| Exercise instructions |
Every entry that follows must be written out exactly, apart from its pictures.

....

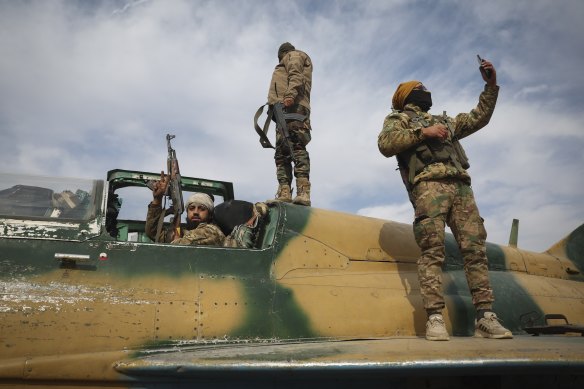 A Syrian opposition fighter holds up a mobile phone atop a seized Syrian airforce fighter plane at the Hama military airport on Friday.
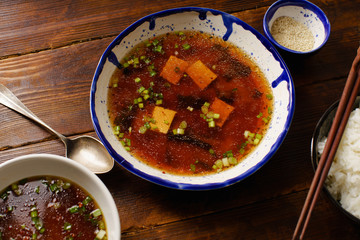 Japanese miso soup with tofu, wakame seaweed, spring onions and pepper flakes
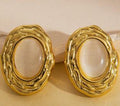 Pair of gold earrings with a beige stone on a beige background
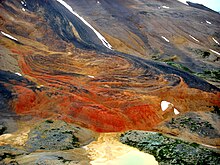 A windswept mountainside with red-orange rock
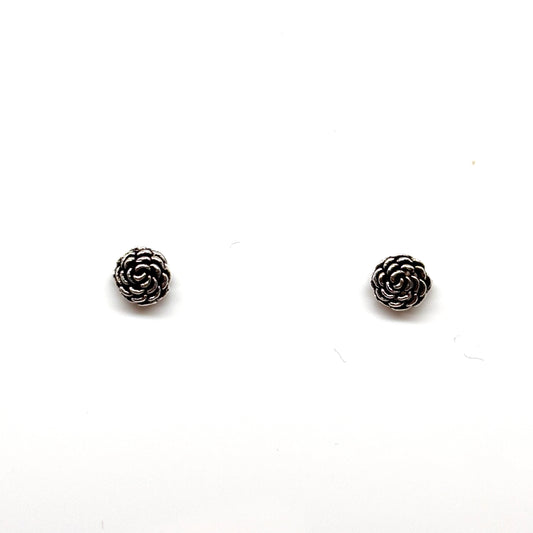Pair of silver rose-shaped earrings from Pixi Daisy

....

| Solution for this exercise |
 A Syrian opposition fighter holds up a mobile phone atop a seized Syrian airforce fighter plane at the Hama military airport on Friday.
 Japanese miso soup with tofu, wakame seaweed, spring onions and pepper flakes
 Pair of gold earrings with a beige stone on a beige background
 A windswept mountainside with red-orange rock
Pair of silver rose-shaped earrings from Pixi Daisy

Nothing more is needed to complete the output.